= Beginning of Section =
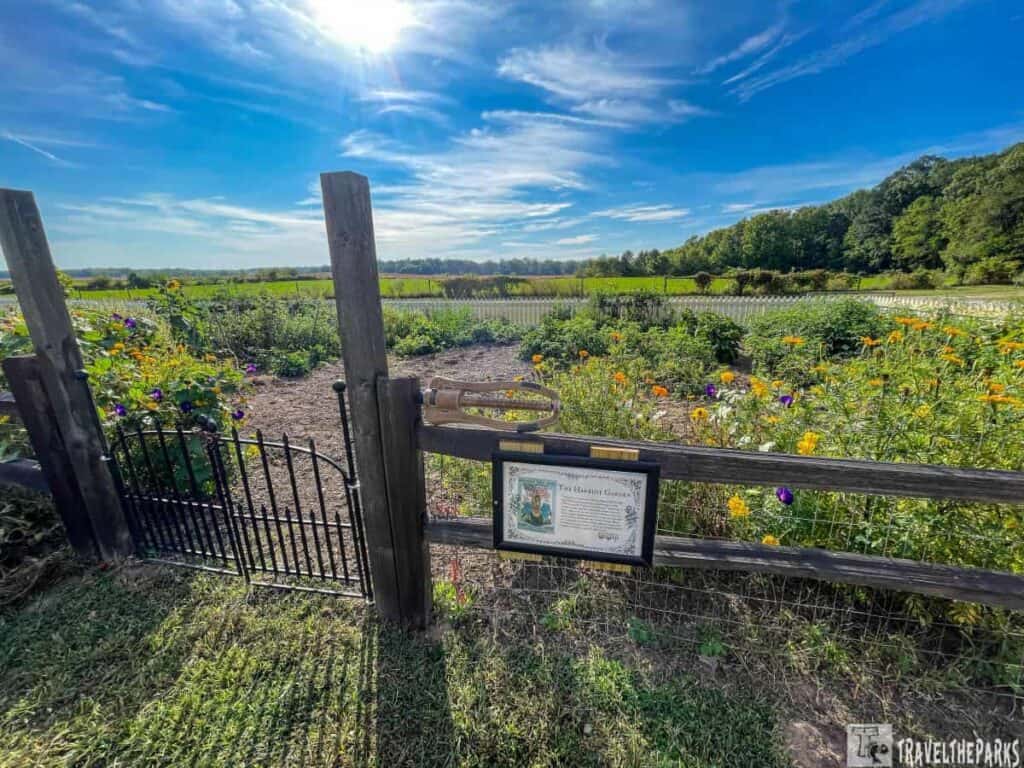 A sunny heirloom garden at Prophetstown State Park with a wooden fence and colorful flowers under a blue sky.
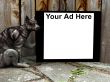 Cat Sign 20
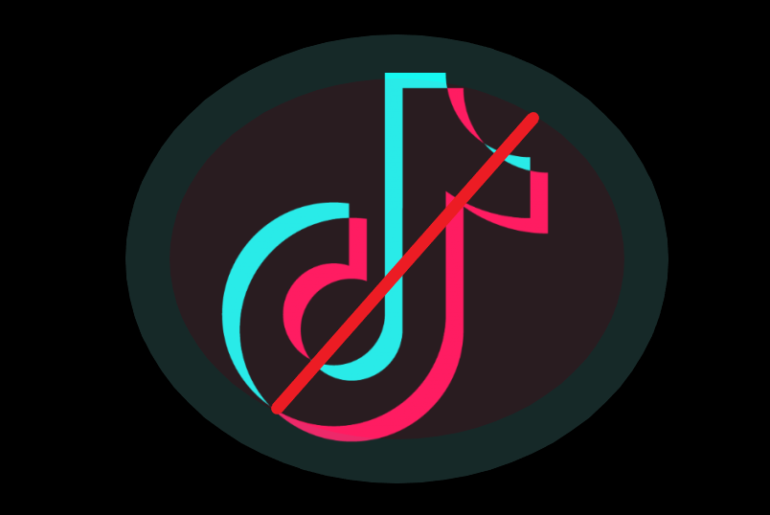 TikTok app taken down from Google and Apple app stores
= End of Section =
= Beginning of Section =
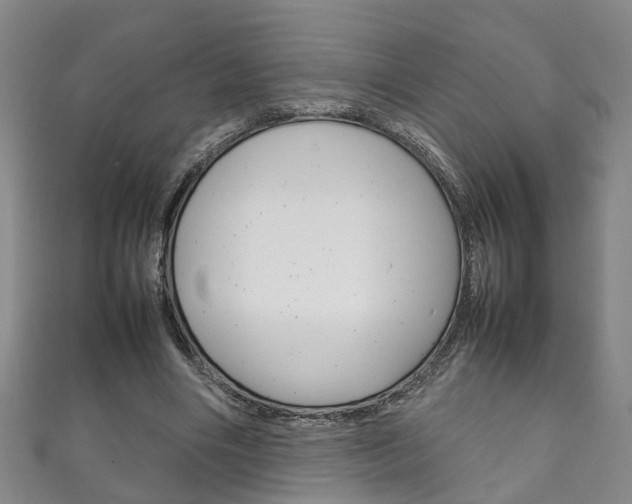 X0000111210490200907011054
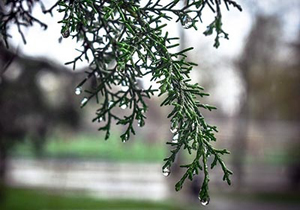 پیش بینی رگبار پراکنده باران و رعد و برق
= End of Section =
= Beginning of Section =
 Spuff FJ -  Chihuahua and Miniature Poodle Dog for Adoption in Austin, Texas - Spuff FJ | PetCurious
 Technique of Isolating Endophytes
= End of Section =
## Assignment
Go back to the listing above and write out the lines starting at the one with "Cat Sign 20" and ending at the one with "TikTok app taken", inclusive, exactly and without pictures.

## Task output
 Cat Sign 20
 TikTok app taken down from Google and Apple app stores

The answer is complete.